# Bubbling Top Coat



## mattyz56 (Jul 26, 2012)

Having a few issues when top coating. We can usually coat a new home from first coat too last in a day. But in winter or cooler weeks the top coat bubbles which is consuming a lot of time and causing frustration going round patching the walls and ceilings when it drys. We''ve found doing just the two base coats on the first day then coming back the next helps but in places that need more fill it will still bubble. In the summer the base coats dry out faster so we can apply the top coat in the same day without bubbles. So we assume the bubbles are caused by moisture still in the base coats trying too escape. Anyone got any suggestions too stop the top coat from bubbling in the cooler weather.

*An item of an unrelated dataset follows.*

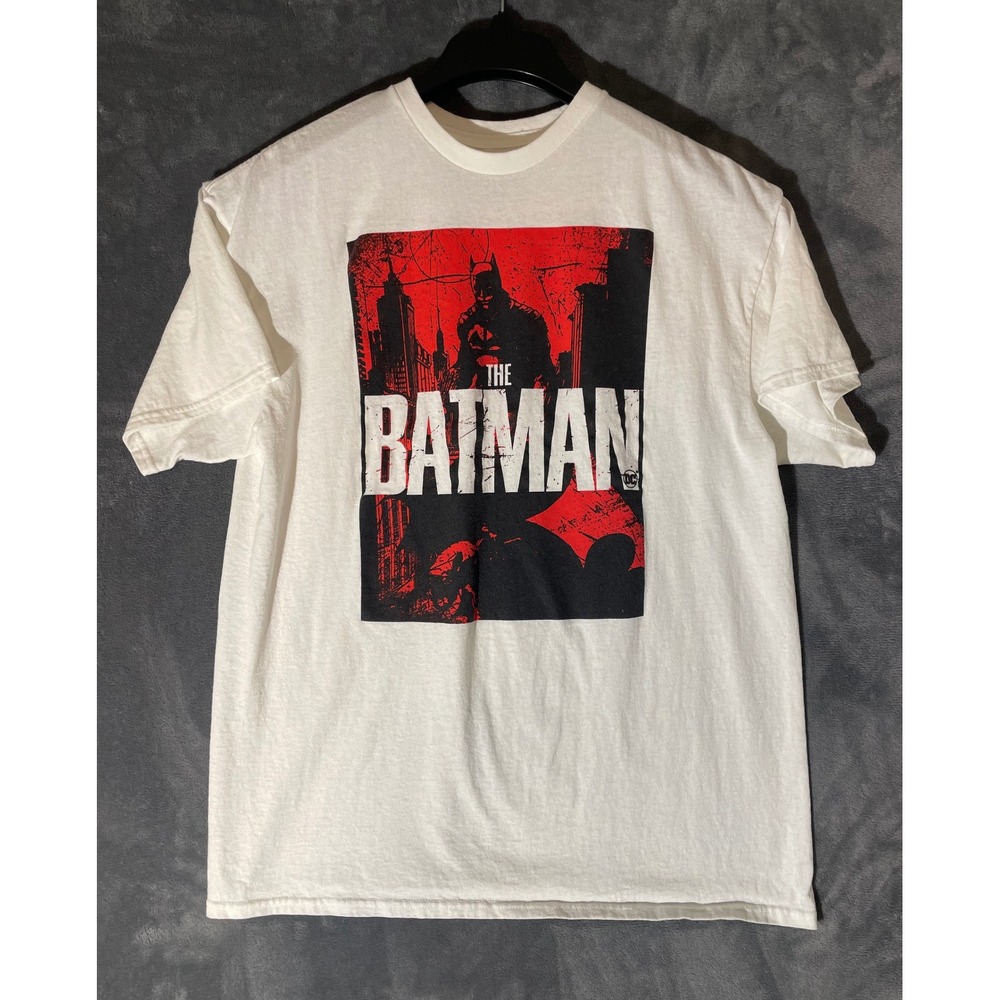 The Batman Movie Graphic T-Shirt Mens L White Red Black DC Comics 2022 Cotton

Also we have a jet heater too warm the place up but it's costing me a fortune in gas.


----------



## gazman (Apr 29, 2011)

You are on the money Matt, the bubbles are moisture trying to escape. The only may to avoid the problem is give it time to dry. The other problem with it not being dry is that there will be a higher moisture content under the tape and when that drys it will cause the tape to shrink back. 

Be very careful with gas heaters as they introduce more moisture into the air. Electric heat is better, or leave some windows open if you are going to use the gas.


----------



## gazman (Apr 29, 2011)

By the way Matt you sound like an Aussie. Where are you from?


----------



## Drywall_King (Dec 18, 2010)

mattyz56 said:


> Having a few issues when top coating. We can usually coat a new home from first coat too last in a day. But in winter or cooler weeks the top coat bubbles which is consuming a lot of time and causing frustration going round patching the walls and ceilings when it drys. We''ve found doing just the two base coats on the first day then coming back the next helps but in places that need more fill it will still bubble. In the summer the base coats dry out faster so we can apply the top coat in the same day without bubbles. So we assume the bubbles are caused by moisture still in the base coats trying too escape. Anyone got any suggestions too stop the top coat from bubbling in the cooler weather. Also we have a jet heater too warm the place up but it's costing me a fortune in gas.


yes Matty, even 20 min and 5 min need lots of time to dry, i work insurance jobs all the time, and Gazman is right if you 5min tape, 5min fill, then top a patch or whatever you will get pinn holes, fish eyes i call them, not your fault its the moisture trying to escape, if you top this product and hope for success use Hamilton 20, or 5 its kinda and smoother base, make sure your work is full with this type of product, then top coat with a scrape coat, when you sand it blends in and you can get away with it, for smaller jobs mate


----------



## mattyz56 (Jul 26, 2012)

Yeah I am an aussie. I use a 45min base and give it 2-3 hours until the next coat of 45min base. The joins and external angles are dry but still feel damp, in the warmer weather there completely dry. It's just driving me mad and slowing things down now it's colder. I've heard of people putting dishwashing liquid in the top coat?


----------



## gazman (Apr 29, 2011)

Unfortunately thats the way it is in winter Matty. Always remember just because it is set does not mean that it is dry. Dish washing liquid is a no no, unless you want to upset the painter. It can stop the paint from sticking.:yes:


----------



## SlimPickins (Aug 10, 2010)

Try Vario as your set mud. You can do a search on DWT for it. If you're using a lot you can justify shipping. I love the stuff, but I can't afford to get a pallet. Best set mud ever.


----------



## Drywall_King (Dec 18, 2010)

SlimPickins said:


> Try Vario as your set mud. You can do a search on DWT for it. If you're using a lot you can justify shipping. I love the stuff, but I can't afford to get a pallet. Best set mud ever.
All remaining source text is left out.